▶ _Exercise aim_: Everything from the line that holds "Convite Festa de" to the end of the entries below should be printed again, word for word, and nothing more.

▶ _Data_:
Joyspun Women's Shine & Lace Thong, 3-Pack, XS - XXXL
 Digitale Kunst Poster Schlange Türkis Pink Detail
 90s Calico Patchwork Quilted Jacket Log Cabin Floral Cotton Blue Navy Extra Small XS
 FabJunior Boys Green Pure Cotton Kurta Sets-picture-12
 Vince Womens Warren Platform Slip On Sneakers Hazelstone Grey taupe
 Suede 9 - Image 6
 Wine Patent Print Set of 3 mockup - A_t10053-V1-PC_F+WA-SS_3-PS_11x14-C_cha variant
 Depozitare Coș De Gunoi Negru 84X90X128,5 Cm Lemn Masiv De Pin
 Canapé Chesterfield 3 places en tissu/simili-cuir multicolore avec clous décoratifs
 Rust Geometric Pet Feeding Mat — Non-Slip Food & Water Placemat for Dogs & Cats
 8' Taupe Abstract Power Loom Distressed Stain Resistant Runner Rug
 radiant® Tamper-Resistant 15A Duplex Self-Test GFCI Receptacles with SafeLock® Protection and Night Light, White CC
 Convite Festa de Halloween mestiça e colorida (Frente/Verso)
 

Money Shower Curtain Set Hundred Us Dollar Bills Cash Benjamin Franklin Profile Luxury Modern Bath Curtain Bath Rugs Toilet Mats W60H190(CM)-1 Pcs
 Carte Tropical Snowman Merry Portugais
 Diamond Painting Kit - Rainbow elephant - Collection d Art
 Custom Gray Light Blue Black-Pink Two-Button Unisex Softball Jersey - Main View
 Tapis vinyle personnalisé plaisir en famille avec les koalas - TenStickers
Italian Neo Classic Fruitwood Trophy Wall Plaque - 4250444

▶ _Response_:
 Convite Festa de Halloween mestiça e colorida (Frente/Verso)
 

Money Shower Curtain Set Hundred Us Dollar Bills Cash Benjamin Franklin Profile Luxury Modern Bath Curtain Bath Rugs Toilet Mats W60H190(CM)-1 Pcs
 Carte Tropical Snowman Merry Portugais
 Diamond Painting Kit - Rainbow elephant - Collection d Art
 Custom Gray Light Blue Black-Pink Two-Button Unisex Softball Jersey - Main View
 Tapis vinyle personnalisé plaisir en famille avec les koalas - TenStickers
Italian Neo Classic Fruitwood Trophy Wall Plaque - 4250444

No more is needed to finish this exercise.